··· Stored data ···

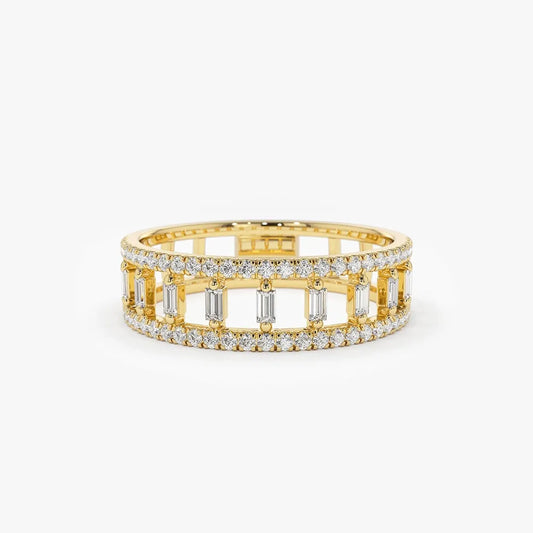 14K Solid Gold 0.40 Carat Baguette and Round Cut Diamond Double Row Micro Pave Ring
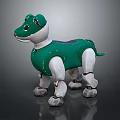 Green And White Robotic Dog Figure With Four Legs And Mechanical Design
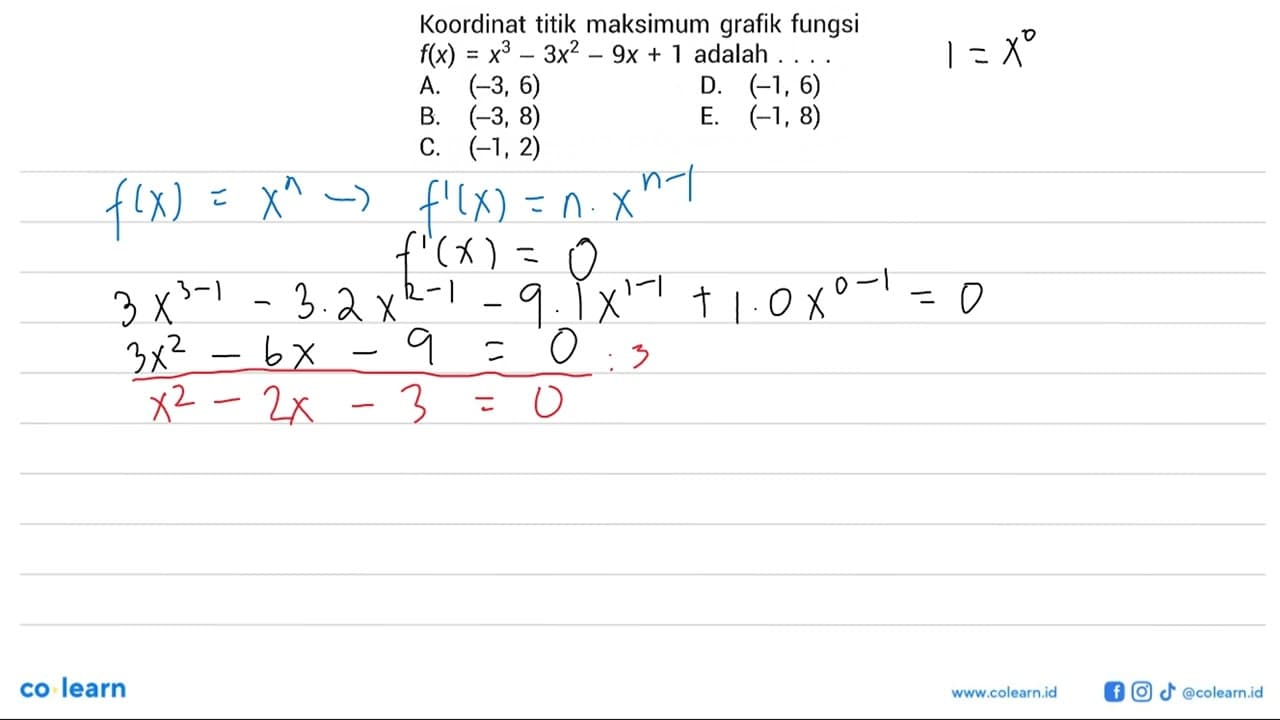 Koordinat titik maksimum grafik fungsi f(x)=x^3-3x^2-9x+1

···

**Task prompt**
All the material above should be written out exactly, with images omitted.

**Answer to this problem**
 14K Solid Gold 0.40 Carat Baguette and Round Cut Diamond Double Row Micro Pave Ring
 Green And White Robotic Dog Figure With Four Legs And Mechanical Design
 Koordinat titik maksimum grafik fungsi f(x)=x^3-3x^2-9x+1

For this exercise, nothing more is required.